INDIANAPOLIS (AP) - The city of Indianapolis withdrew Friday as host of a national cricket championship slated for this summer, saying deteriorating communications with the USA Cricket Association had imperiled the city’s plans for the event.
Mayor Greg Ballard said in a statement that the city was terminating its agreement to host the US National Cricket Championships in August at Indianapolis’ new $5.1 million World Sports Park. The mayor cited worsening communications with the Florida-based USA Cricket Association, whose CEO abruptly resigned in March, for the city’s decision.
Indianapolis signed a three-year deal last year to host a U.S. amateur cricket tournament and championship, starting in August 2014. That tournament was to have been the first such event in the U.S. since 2011. Ballard spokesman Marc Lotter said the city is withdrawing from the full three-year deal.
“The decision was made to cancel the tournament because factors outside of the city’s control were putting our ability to host a successful tournament at risk,” Ballard said in his statement.
The mayor said Indianapolis’ decision not to host the event for the ball-and-bat sport that’s mostly popular overseas won’t impact its completion of the World Sports Park, a 40-acre development on Indianapolis’ east side that was to host the championship.
That park, slated for completion in August, will feature multiple athletic fields for cricket, soccer, rugby, hurling and lacrosse.
Lotter said the city’s communications with the Lake Worth, Florida-based cricket association broke down following the resignation of Darren Beazley.
“We had a very good working relationship - open communications - with the organizing group during Mr. Beazley’s tenure. Unfortunately that changed and the fact that the tournament was rapidly approaching really just forced the city to cancel the tournament in order to retain its reputation as a world leader in sporting events.”
Messages seeking comment left Friday with the USA Cricket Association were not immediately returned.
City Parks & Recreation Director John W. Williams said in a letter to the group that its weekly teleconferences with the city had ended following Beazley’s departure. He said those calls were a “critical component” of planning for the event.
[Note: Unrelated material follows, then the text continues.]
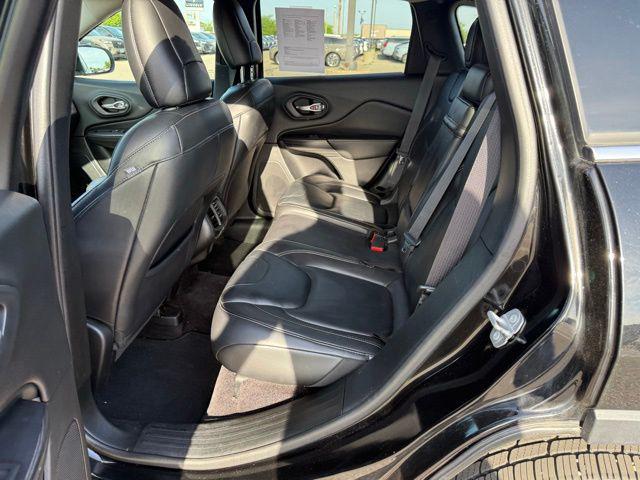 2017 Jeep Cherokee Limited 4x4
Indianapolis officials had also been seeking information about the tournaments that lead to the championship, marketing efforts for them and updates on recruitment of sponsors and partners.
Lotter said canceling the cricket championship is for “the long-term good of the sport” of cricket, a game the British brought to the American colonies in the early 1700s and from which baseball eventually arose. He said Indianapolis still wants to help popularize cricket in the U.S.
“You don’t want to host a bad event when you’re trying to grow a sport,” he said.